La gourmandise est un thème aussi savoureux que coupable. Cet appétit insatiable nous pousse à dévorer des montagnes de douceurs, à succomber aux festins et parfois à franchir les limites du raisonnable. Entre légèreté et critique, ce péché touche à bien plus qu’à nos estomacs puisqu’il résonne avec la joie, la démesure et peut parfois devenir la satire de notre société de consommation. Ces plaisirs délictueux, ces excès sucrés ou salés peuvent initier une dépendance, conséquences amères d’un trop-plein de saveurs. Ils sont aussi un miroir de nos comportements qui nous font rire, réfléchir et bien souvent culpabiliser. Car derrières ces friandises et ces banquets se pose la question de l’équilibre, de la surabondance et même d’un certain vide que l’on essaie tant bien que mal de combler.
Mais alors allez-vous me dire, quel est le rapport entre la cuisine et la musique ? En réalité, ces deux mondes se rejoignent sur bien des aspects, notamment un élémentaire. A vouloir trop en faire, à force de multiplier les goûts et les saveurs, bien que notre produit soit artistiquement et gustativement succulent, ne serait-il pas écœurant ou bourratif au fur et à mesure de nos bouchées ?
C’est exactement la réflexion que j’ai eu pour l’album
Introsphere, le second opus du quatuor australien
Gravemind. A la première découverte, j’ai commencé par profiter d’un moelleux au chocolat absolument exquis. Ensuite, à mon second passage, on m’a servi une tartelette à la fraise à tomber par terre. Puis, arrivé au troisième rang, j’ai été comblé de divines chouquettes. J’ai eu le droit à chacun de mes séjours à des mets d’exception mais arrivée à un point, je ne pouvais plus déguster quoi que ce soit puisque j’étais à la limite de l’explosion.
Le groupe nous sert un menu quatre étoiles composé d’un deathcore moderne, d’une prestation vocale à la triple sauce growlé, screamé et éthéré et d’une bonne dose de riffings querelleurs et académiques. A la lecture de tels intitulés, difficile de ne pas avoir l’eau à la bouche et de ne pas se laisser tenter. Le repas démarre fort avec l’amuse-bouche >_TERMINAL, une véritable baffe par son instrumentalisation sauvage, sa voix furieuse et ses inspirations électroniques. Le plat est agrémenté de touches mélodiques, d’une couche vocale claire et troublante et de quelques expérimentations pétillantes. Sa présentation est tout aussi particulière, un schéma assez déstructuré qui amplifie notre stupéfaction.
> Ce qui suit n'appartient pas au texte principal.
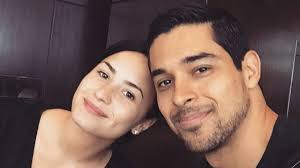 Demi was found unconscious at her home following a suspected overdose. Wilmer Valderrama Visits Demi Lovato In The Hospital Youtube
Notre souper suit son cours mais arrivé en son milieu, on commence d’ores et déjà à être rassasié. Pour cause, notre formation australienne nous concocte des plateaux riches, pour ne pas dire ultra-protéinés. Sur sa signature
Deathtouch, on est totalement déboussolé par ces accords frénétiques, futuristes qui ont l’effet des tirs des vaisseaux dans Star Wars. Cette pièce déjà copieuse est garnie d’un souffle de drum’n’bass, d’une batterie énergique et de ce méli-mélo de chant clair/obscur. Bien que la partie aérienne soit agréable et toujours aussi poignante, on a cependant l’impression qu’elle est forcée dans une composition pleinement aigre.
Au sein de notre réception, nous pourrons tout de même savourer quelques trous normands afin de faciliter notre digestion et de nous redonner un peu d’appétit. Parmi ces verres réconfortants, je vous suggère le numéro cinq
Anhedonia, d’abord doux et vaporeux avant petit à petit de prendre du caractère et d’être cognant. L’apparence mélodique est majoritaire, même si quelques breakdowns bien sentis donneront de la force à notre breuvage. Quant aux nappes vocales, elles sont toujours aussi hétérogènes entre growl et cleans mais trouvent un point d’équilibre plaisant. Et si vous êtes d’humeur davantage mélancolique mais toujours avec un trait de caractère progressif et d’une grande richesse, il ne me reste qu’à vous conseiller le numéro huit Aloy.
Introsphere est un festin sonore à la fois audacieux et surchargé, une expérience où chaque morceau est un plat aux saveurs éclatantes mais parfois trop généreuses. Si cette seconde œuvre impressionne par sa maîtrise technique et son inventivité, elle peut aussi éprouver l’auditeur par cette accumulation de textures et d’émotions. À l’image d’un banquet où l’excès finit par écraser la subtilité, le disque brille par moments mais manque d’un fil conducteur pour harmoniser l’ensemble. Néanmoins, cette réalisation interpelle et, à défaut de plaire à tous, ne laisse nullement indifférente.
Gravemind montre qu’il est un jeune chef en devenir, même si ce voyage culinaire et musical aurait peut-être gagné à être plus mesuré. Ses nouvelles créations sont à savourer avec modération mais assurément à découvrir.